Houston Chronicle

Federal court halts planned WeChat ban

- By Jeanne Whalen

A federal court has granted a preliminar­y injunction halting the Trump administra­tion’s planned ban of Chinese app WeChat, in response to a plaintiff lawsuit saying the ban would harm their First Amendment rights.

In an order issued late Saturday, the United States District Court in San Francisco said the plaintiffs, a group of WeChat users, had shown there are “serious questions” related to their First Amendment claim.

The Trump administra­tion had planned effectivel­y to ban WeChat and fellow Chinese-owned app TikTok in the U.S. late Sunday by preventing them from appearing in mobile-phone app stores.

But neither ban is set to proceed immediatel­y after the court order and a separate decision Saturday by the Commerce Department to delay the TikTok ban until Sept. 27 because the app’s owner is negotiatin­g a possible deal to give Oracle Corp. oversight of U.S. user data.

The Commerce Department did not respond immediatel­y to a request for comment.
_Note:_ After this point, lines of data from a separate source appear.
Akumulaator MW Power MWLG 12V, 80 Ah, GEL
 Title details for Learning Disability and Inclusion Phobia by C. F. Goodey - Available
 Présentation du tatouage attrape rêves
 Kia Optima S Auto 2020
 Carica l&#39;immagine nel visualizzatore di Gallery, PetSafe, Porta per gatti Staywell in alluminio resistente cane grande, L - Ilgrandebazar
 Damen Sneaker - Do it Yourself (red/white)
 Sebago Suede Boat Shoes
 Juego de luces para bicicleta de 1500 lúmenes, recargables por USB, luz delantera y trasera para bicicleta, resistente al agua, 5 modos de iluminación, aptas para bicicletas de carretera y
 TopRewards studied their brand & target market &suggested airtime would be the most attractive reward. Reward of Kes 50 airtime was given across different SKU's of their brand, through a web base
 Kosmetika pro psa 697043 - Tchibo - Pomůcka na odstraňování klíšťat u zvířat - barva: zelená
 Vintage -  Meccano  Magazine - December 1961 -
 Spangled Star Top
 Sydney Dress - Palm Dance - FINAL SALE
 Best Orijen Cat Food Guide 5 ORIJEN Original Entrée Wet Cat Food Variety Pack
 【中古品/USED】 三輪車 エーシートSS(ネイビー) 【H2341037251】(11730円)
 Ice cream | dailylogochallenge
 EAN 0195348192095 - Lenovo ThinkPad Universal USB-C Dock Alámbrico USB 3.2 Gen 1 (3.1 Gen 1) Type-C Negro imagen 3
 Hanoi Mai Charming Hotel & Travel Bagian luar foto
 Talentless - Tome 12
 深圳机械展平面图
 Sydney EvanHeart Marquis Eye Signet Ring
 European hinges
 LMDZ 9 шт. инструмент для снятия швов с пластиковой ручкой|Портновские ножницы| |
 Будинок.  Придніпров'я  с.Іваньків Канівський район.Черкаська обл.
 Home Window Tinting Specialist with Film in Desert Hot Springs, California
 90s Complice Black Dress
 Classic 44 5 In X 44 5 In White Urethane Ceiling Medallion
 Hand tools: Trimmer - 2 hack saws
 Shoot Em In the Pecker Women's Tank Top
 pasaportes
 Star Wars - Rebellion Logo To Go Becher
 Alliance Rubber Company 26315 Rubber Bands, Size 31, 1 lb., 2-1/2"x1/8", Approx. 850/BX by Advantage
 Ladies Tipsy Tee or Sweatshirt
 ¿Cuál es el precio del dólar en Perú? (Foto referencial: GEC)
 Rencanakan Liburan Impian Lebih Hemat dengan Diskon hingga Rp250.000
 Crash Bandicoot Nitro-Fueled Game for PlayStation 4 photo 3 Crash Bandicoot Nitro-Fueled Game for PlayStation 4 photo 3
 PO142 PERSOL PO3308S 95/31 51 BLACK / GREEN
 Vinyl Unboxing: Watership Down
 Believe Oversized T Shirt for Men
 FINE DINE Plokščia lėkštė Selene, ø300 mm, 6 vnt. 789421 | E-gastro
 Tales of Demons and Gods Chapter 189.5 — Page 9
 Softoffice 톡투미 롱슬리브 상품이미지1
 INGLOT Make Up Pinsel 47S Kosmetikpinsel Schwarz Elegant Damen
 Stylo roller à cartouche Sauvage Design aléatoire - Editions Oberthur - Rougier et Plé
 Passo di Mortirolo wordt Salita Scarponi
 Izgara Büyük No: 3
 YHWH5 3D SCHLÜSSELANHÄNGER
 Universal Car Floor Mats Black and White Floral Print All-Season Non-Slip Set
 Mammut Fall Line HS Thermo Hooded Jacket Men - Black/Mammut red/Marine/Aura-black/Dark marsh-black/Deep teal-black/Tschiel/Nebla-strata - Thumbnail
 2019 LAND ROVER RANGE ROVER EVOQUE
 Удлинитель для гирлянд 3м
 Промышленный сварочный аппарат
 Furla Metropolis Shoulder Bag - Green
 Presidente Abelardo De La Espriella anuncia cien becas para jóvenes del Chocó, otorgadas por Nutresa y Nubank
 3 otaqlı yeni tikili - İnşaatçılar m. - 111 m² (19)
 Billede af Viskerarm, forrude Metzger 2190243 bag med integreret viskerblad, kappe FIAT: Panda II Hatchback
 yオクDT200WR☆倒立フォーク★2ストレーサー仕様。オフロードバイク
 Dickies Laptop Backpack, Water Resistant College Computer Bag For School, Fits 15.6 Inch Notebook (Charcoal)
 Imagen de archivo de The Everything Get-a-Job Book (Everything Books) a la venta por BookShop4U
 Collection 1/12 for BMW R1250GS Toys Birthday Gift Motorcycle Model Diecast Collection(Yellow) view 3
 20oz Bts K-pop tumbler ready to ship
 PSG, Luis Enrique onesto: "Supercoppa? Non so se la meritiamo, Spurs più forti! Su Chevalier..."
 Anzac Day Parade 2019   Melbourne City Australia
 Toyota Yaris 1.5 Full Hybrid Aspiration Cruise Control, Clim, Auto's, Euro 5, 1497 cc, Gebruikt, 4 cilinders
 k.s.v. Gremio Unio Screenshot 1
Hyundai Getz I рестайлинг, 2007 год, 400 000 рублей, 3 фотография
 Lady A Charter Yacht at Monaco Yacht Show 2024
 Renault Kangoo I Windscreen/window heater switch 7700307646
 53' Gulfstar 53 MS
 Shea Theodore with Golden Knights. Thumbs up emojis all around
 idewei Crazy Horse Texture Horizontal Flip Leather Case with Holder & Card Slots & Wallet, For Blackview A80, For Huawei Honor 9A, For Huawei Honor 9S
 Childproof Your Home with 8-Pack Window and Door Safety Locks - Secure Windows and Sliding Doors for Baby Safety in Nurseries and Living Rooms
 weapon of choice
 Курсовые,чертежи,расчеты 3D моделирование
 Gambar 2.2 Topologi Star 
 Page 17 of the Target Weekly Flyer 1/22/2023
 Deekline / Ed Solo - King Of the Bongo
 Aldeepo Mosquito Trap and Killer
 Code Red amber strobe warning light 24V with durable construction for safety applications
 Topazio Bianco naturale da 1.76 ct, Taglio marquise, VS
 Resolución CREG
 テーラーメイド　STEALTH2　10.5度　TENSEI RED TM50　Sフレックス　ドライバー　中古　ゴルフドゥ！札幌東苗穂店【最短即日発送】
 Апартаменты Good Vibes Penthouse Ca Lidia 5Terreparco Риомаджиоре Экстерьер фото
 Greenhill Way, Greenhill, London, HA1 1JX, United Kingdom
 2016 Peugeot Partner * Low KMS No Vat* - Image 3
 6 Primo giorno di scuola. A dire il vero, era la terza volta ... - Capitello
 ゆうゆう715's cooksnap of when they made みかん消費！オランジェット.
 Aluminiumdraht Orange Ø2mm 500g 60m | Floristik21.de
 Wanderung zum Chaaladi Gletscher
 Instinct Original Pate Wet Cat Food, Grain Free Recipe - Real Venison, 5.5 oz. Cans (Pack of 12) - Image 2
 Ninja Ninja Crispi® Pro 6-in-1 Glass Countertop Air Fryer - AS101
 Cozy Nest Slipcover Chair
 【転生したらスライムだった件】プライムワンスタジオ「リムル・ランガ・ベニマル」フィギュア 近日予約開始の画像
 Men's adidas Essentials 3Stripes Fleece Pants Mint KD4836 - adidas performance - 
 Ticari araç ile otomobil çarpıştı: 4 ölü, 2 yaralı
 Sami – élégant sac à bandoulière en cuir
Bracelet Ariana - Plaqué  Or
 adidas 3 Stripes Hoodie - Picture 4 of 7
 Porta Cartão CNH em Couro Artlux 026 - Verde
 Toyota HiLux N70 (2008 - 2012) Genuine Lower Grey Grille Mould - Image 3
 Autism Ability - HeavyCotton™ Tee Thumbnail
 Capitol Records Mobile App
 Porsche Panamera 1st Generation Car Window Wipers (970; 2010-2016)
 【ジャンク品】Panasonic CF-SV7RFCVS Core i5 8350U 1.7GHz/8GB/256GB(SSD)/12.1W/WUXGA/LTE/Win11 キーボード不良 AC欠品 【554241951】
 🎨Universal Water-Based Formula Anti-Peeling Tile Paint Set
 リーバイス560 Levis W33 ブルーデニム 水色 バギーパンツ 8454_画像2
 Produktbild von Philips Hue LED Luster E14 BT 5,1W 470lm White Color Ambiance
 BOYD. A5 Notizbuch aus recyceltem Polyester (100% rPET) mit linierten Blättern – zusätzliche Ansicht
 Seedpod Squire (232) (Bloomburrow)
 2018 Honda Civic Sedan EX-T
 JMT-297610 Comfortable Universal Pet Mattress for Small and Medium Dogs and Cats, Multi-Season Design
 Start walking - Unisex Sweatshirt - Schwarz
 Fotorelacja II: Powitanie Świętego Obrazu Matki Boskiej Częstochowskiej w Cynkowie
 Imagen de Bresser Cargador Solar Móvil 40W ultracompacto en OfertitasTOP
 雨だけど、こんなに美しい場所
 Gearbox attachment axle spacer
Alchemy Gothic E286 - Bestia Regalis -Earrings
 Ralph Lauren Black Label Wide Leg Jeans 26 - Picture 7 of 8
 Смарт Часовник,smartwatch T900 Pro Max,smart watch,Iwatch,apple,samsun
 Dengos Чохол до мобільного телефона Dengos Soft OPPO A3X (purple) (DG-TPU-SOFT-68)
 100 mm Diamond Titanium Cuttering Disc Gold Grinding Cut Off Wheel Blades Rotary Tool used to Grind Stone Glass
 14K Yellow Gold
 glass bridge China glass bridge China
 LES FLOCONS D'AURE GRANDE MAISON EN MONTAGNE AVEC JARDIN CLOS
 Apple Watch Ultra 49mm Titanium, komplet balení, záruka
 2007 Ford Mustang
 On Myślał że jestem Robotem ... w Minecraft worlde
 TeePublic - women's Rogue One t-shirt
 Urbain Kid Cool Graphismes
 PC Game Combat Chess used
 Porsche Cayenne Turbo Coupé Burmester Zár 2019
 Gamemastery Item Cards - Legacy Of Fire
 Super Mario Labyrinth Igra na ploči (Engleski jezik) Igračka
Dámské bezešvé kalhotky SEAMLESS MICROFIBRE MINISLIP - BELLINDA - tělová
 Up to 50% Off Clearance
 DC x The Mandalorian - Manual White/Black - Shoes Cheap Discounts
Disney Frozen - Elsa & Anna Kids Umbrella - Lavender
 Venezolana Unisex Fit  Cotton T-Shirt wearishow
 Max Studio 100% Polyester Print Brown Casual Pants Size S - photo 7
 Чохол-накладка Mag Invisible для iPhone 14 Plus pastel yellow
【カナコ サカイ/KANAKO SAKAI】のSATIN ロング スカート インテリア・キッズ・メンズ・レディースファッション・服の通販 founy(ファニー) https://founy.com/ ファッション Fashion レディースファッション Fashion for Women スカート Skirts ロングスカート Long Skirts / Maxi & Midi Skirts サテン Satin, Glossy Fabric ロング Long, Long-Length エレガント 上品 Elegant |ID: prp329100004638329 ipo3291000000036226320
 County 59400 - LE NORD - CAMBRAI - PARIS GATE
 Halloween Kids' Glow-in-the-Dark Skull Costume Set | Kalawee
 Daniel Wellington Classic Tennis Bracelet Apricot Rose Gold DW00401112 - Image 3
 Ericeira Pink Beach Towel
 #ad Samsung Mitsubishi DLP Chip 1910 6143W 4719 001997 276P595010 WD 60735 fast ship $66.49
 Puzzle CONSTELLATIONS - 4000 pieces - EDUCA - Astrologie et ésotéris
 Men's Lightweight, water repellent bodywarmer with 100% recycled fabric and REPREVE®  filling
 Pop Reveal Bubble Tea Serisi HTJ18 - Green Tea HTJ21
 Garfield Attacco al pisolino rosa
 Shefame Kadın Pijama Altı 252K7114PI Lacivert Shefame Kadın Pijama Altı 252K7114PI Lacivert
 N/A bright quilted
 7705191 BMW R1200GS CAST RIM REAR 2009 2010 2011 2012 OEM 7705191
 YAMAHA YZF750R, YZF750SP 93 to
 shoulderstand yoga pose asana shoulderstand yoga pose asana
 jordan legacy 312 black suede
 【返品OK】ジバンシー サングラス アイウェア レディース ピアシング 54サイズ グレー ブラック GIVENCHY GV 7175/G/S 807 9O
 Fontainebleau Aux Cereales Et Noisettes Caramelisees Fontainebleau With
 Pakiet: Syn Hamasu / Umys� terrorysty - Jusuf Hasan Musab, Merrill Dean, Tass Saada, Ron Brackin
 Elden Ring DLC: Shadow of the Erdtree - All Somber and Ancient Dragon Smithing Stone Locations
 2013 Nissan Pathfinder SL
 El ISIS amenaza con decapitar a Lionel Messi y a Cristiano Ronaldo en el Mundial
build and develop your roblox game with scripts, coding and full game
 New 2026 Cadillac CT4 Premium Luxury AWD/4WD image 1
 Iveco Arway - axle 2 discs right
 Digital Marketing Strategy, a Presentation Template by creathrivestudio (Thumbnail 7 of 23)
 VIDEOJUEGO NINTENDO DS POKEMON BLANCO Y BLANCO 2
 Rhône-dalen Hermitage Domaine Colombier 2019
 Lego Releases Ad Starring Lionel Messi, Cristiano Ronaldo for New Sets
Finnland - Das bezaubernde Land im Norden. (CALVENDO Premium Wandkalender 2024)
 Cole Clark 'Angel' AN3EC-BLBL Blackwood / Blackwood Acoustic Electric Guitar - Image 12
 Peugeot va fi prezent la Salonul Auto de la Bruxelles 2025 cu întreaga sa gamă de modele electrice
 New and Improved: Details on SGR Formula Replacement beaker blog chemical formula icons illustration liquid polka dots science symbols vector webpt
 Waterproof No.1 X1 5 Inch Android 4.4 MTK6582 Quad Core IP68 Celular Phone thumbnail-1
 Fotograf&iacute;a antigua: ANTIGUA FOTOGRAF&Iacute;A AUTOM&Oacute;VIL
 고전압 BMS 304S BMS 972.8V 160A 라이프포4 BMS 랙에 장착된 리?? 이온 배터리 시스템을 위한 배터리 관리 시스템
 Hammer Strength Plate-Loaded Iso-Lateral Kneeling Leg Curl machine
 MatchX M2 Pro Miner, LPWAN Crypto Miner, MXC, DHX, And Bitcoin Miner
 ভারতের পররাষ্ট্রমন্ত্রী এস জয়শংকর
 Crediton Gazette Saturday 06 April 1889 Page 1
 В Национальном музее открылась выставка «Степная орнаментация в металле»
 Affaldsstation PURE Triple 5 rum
The now-delayed bans stemmed from a pair of executive orders Trump issued Aug. 6, declaring that both apps posed threats to national security because they collected “vast swaths” of data on Americans

and other users, and offered the Chinese Communist Party avenues for censoring or distorting informatio­n.

A group called the WeChat Users Allliance filed suit in federal court last month seeking to stop a ban, arguing that the app represents a virtual public square for Chinese speakers in the United States and that banning it would harm free speech. The Trump administra­tion announced details of the proposed ban

Friday.

“The court grants the motion on the ground that the plaintiffs have shown serious questions going to the merits of the First Amendment claim,” Judge Laurel Beeler wrote in the order granting the preliminar­y injunction.

“There are serious First Amendment problems with the WeChat ban, which targets the Chinese American community and trampled on their First Amendment guaranteed freedoms to speak, to worship, to read and react to the press, and to organize and associate for numerous purposes,” a lawyer for the plaintiffs, Michael Bien, said in reaction to the court order.

The proposed TikTok ban also has been criticized on First Amendment grounds.

Under a separate executive order issued last month, TikTok owner ByteDance has until Nov. 12 to complete a sale of its U.S. operations.